The megastar’s efforts to resurrect and shed a positive light on the Native American’s culture were not lost on the Comanche (Tonto’s tribe), who made him an honorary member, while he was filming the movie. He was also given a Comanche name “Mawomey,” which means “shape-shifter.” Some Native Americans, however, were not impressed and accused him of perpetuating a stereotype through a character that lacks any cultural traits and in perverting the history of westward expansion that was devastating to their people. A charge that Depp, who claims that his grandmother had Indians roots, flatly rejects.

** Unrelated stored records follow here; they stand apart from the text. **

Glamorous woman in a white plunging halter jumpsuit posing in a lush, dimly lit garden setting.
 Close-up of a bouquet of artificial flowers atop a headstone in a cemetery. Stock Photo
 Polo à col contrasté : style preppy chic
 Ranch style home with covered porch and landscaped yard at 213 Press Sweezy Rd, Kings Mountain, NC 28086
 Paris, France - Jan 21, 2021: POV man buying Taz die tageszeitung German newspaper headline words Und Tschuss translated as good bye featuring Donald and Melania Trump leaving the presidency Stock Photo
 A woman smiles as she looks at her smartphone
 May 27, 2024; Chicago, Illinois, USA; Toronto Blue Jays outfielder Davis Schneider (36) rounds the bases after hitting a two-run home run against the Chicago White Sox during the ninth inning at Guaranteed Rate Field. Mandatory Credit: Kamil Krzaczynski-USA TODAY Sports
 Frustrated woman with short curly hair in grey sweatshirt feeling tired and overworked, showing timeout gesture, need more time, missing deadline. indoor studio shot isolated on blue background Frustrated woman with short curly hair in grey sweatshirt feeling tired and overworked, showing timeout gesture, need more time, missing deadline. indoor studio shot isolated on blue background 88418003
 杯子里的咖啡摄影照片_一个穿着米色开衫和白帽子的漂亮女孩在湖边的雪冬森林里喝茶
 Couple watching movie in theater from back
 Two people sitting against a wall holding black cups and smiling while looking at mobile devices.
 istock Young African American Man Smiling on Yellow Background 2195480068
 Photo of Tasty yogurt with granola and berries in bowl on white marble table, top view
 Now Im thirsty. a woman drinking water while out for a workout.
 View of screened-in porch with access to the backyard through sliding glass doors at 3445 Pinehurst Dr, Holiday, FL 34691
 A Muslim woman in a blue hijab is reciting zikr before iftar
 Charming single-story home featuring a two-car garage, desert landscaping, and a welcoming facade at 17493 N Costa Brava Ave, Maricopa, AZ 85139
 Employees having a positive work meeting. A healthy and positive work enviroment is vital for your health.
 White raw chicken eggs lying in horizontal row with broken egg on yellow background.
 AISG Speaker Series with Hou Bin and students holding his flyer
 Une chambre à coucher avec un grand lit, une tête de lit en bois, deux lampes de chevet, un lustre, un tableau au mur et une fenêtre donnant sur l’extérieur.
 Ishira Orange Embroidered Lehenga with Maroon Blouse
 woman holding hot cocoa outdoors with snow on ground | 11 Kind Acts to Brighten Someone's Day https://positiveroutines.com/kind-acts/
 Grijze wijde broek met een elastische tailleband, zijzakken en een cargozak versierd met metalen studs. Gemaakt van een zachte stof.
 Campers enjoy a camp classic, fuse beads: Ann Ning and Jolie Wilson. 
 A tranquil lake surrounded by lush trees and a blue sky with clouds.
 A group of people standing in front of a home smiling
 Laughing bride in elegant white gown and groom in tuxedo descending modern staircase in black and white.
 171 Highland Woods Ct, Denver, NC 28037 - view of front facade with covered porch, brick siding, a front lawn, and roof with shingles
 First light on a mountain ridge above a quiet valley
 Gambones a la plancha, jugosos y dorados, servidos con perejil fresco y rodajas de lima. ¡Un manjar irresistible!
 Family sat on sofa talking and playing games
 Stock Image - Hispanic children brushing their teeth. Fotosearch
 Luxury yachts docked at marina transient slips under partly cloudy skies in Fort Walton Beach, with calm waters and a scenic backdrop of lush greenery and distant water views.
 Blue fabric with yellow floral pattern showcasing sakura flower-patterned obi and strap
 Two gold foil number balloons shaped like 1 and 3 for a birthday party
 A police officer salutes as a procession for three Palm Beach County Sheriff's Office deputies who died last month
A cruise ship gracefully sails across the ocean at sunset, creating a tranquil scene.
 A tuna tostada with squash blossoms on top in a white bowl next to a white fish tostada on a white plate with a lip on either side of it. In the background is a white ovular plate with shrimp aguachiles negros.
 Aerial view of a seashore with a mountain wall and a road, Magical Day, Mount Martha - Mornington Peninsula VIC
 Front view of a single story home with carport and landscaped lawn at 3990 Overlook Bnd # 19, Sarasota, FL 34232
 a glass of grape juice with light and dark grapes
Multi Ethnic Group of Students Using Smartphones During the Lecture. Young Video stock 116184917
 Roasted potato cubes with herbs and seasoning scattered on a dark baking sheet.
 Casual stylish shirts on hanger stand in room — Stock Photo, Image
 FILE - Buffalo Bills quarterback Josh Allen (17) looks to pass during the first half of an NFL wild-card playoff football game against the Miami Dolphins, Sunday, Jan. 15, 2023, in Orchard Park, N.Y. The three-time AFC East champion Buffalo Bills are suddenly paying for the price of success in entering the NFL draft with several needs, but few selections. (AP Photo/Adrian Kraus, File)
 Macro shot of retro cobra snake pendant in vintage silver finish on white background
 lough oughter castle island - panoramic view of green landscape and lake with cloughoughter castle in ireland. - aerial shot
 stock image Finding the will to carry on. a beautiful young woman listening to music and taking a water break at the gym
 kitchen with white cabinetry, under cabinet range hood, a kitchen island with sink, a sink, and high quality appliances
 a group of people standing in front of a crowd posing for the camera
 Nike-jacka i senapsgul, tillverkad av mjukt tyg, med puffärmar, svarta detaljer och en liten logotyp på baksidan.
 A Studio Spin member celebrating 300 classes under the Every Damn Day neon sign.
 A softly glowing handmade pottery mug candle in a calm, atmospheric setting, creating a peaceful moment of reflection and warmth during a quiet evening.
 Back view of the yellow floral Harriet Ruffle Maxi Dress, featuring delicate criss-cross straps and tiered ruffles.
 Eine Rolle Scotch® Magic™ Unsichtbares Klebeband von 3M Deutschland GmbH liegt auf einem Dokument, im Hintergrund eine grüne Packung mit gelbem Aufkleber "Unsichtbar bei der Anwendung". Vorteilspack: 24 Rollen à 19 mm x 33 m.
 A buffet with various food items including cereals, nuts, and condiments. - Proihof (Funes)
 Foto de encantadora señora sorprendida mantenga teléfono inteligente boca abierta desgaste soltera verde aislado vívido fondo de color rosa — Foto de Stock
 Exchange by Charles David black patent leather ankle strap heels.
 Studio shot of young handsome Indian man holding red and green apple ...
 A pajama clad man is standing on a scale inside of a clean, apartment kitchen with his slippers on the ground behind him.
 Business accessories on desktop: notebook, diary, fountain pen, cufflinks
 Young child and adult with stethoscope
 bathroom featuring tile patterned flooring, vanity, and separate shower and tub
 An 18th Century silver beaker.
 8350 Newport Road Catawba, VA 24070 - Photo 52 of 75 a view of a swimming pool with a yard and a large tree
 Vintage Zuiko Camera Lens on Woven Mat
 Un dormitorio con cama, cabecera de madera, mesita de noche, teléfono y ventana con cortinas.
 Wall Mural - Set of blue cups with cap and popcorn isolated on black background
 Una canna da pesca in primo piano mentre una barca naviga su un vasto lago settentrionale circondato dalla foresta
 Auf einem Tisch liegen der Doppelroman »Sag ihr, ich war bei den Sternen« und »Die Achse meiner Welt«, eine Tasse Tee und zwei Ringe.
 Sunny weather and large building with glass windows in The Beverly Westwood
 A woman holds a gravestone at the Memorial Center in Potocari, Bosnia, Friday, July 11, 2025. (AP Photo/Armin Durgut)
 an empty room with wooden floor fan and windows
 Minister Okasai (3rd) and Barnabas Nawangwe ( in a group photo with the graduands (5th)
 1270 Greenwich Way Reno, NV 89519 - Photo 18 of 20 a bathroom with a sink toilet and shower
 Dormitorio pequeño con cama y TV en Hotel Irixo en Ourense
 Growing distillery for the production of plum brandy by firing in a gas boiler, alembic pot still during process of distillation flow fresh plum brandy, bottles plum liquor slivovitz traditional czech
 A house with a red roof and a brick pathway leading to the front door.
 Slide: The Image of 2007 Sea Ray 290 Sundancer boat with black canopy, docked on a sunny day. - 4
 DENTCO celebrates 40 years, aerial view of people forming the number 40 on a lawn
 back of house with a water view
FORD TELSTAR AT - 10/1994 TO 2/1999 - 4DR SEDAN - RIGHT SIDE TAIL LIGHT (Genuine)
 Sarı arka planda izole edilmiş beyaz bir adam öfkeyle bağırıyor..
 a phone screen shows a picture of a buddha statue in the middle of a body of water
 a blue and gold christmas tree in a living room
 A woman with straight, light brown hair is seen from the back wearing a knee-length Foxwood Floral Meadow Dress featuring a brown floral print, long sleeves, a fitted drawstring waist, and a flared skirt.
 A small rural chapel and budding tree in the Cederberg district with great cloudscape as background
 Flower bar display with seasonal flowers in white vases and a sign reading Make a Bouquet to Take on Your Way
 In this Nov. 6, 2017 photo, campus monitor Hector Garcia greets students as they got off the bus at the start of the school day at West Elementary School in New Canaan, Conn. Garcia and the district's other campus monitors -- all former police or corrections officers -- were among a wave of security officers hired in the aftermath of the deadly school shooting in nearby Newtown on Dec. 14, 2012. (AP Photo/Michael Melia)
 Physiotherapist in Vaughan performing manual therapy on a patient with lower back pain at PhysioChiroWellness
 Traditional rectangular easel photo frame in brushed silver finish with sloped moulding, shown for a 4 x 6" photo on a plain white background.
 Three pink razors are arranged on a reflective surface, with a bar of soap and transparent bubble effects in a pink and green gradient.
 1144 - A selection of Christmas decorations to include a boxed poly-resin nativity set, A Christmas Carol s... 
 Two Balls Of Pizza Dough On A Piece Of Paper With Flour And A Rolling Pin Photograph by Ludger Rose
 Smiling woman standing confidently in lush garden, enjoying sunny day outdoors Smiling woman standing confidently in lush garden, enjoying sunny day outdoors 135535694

“Gore and I went through the script with Justin (the screenwriter) and sliced it as thin as you can,” he says. “It was microscopic, because I couldn’t stand the idea that there would be some juncture in the film where it might be questionable: what they meant and what they did and how they lived. It was very important to me.”
Indeed, Depp immersed himself into Comanche culture and even studied their language, in addition to hiring a Comanche advisor, William “Two-Raven” Voelker, who guided him through every step of the process. Nonetheless, his Native American critics were not satisfied, saying that he should’ve played The Lone Ranger and promoted a Comanche actor to portray Tonto. This decision, however, was made by the director, Gore Verbinsky, who told me earlier that he couldn’t find an a Native American actor of Depp’s calibre.
The heated debate about Depp’s portrayal of Tonto will probably simmer down when the star’s critics see the movie, because this is perhaps the first time that the whites are portrayed as covetous and brutal, and the Natives as noble and peaceful. As for Depp, he has heard only reassuring words from the Comanche nation and its chief, Chairman Coffey, who walked away from seeing the movie emotional and grateful.
“I was incredibly relieved and proud to hear that,” he enthuses. “Essentially I can’t blow smoke up my own buttocks, as it were. But he was proud, which made me feel very relieved.